# Your instructions
Whenever a line in this data holds the word "Stockfoto", report that line in full.

(Dataset entries)
..............................

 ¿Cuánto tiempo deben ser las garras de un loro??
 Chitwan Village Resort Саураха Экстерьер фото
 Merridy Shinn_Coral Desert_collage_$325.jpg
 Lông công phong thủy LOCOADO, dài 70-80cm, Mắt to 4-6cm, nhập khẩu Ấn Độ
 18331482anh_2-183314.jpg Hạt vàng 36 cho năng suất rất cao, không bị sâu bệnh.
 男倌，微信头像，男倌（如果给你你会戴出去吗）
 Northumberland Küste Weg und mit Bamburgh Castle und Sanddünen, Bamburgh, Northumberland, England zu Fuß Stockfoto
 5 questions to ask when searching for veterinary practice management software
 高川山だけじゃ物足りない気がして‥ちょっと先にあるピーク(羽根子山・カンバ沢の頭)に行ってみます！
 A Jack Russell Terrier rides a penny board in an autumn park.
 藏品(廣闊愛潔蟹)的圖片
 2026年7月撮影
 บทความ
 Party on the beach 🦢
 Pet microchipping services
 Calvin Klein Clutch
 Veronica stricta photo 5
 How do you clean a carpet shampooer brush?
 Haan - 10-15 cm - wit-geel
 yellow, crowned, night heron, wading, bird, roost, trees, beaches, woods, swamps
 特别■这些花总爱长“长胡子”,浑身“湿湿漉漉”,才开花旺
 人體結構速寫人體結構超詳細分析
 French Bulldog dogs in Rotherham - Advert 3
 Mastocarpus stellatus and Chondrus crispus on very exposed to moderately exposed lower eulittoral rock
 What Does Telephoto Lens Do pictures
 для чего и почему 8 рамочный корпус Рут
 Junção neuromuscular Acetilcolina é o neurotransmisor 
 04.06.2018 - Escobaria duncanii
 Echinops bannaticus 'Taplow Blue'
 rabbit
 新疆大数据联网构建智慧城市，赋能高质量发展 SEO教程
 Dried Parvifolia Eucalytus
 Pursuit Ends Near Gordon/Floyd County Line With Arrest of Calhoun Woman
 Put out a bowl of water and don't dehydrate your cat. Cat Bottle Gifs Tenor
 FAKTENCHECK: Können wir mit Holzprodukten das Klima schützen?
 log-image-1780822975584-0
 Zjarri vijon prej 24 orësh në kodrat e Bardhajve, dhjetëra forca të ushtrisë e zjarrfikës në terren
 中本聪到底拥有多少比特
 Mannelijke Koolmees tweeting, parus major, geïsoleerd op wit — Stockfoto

..............................

# Task response
 Northumberland Küste Weg und mit Bamburgh Castle und Sanddünen, Bamburgh, Northumberland, England zu Fuß Stockfoto
 Mannelijke Koolmees tweeting, parus major, geïsoleerd op wit — Stockfoto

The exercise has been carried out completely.